─── DATA SECTION

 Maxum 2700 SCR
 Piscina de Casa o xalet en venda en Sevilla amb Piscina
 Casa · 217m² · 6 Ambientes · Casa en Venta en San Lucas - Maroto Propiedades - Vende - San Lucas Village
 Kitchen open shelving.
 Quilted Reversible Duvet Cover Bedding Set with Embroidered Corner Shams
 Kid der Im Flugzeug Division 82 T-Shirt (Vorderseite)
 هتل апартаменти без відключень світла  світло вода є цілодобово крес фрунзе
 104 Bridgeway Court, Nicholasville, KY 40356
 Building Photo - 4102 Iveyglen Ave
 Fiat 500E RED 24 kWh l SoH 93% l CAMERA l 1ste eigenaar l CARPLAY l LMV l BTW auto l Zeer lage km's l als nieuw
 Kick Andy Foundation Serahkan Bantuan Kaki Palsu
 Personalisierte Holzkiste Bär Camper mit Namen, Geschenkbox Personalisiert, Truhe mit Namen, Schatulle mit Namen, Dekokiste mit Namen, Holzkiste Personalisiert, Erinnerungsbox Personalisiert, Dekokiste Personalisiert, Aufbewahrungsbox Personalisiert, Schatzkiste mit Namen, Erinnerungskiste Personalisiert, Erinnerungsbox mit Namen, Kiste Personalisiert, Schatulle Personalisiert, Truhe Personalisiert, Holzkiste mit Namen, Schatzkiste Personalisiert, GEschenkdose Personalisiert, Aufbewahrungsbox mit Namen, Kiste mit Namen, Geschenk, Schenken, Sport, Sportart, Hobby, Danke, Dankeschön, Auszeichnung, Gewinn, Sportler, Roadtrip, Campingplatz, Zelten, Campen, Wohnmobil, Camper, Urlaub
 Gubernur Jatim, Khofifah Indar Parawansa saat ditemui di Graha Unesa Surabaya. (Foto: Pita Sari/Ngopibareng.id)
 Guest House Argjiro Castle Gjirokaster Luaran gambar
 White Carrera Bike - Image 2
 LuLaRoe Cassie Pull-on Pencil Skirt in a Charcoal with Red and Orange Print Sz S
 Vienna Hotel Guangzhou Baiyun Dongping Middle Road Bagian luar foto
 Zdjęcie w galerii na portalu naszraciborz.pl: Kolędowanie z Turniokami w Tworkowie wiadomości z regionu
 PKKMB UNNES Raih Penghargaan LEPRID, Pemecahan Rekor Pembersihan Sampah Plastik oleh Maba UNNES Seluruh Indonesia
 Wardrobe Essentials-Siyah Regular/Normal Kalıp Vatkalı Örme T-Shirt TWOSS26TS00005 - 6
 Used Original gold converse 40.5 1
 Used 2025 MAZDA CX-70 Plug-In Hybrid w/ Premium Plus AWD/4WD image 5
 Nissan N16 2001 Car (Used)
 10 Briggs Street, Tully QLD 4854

──────

TASK ITEM »
Transcribe, exactly and without additions, the lines of the records above, beginning with the line that contains "Personalisierte Holzkiste Bär" and ending with the line that contains "Nissan N16 2001 Car (Used)", both included.

RESULT OF THE TASK »
 Personalisierte Holzkiste Bär Camper mit Namen, Geschenkbox Personalisiert, Truhe mit Namen, Schatulle mit Namen, Dekokiste mit Namen, Holzkiste Personalisiert, Erinnerungsbox Personalisiert, Dekokiste Personalisiert, Aufbewahrungsbox Personalisiert, Schatzkiste mit Namen, Erinnerungskiste Personalisiert, Erinnerungsbox mit Namen, Kiste Personalisiert, Schatulle Personalisiert, Truhe Personalisiert, Holzkiste mit Namen, Schatzkiste Personalisiert, GEschenkdose Personalisiert, Aufbewahrungsbox mit Namen, Kiste mit Namen, Geschenk, Schenken, Sport, Sportart, Hobby, Danke, Dankeschön, Auszeichnung, Gewinn, Sportler, Roadtrip, Campingplatz, Zelten, Campen, Wohnmobil, Camper, Urlaub
 Gubernur Jatim, Khofifah Indar Parawansa saat ditemui di Graha Unesa Surabaya. (Foto: Pita Sari/Ngopibareng.id)
 Guest House Argjiro Castle Gjirokaster Luaran gambar
 White Carrera Bike - Image 2
 LuLaRoe Cassie Pull-on Pencil Skirt in a Charcoal with Red and Orange Print Sz S
 Vienna Hotel Guangzhou Baiyun Dongping Middle Road Bagian luar foto
 Zdjęcie w galerii na portalu naszraciborz.pl: Kolędowanie z Turniokami w Tworkowie wiadomości z regionu
 PKKMB UNNES Raih Penghargaan LEPRID, Pemecahan Rekor Pembersihan Sampah Plastik oleh Maba UNNES Seluruh Indonesia
 Wardrobe Essentials-Siyah Regular/Normal Kalıp Vatkalı Örme T-Shirt TWOSS26TS00005 - 6
 Used Original gold converse 40.5 1
 Used 2025 MAZDA CX-70 Plug-In Hybrid w/ Premium Plus AWD/4WD image 5
 Nissan N16 2001 Car (Used)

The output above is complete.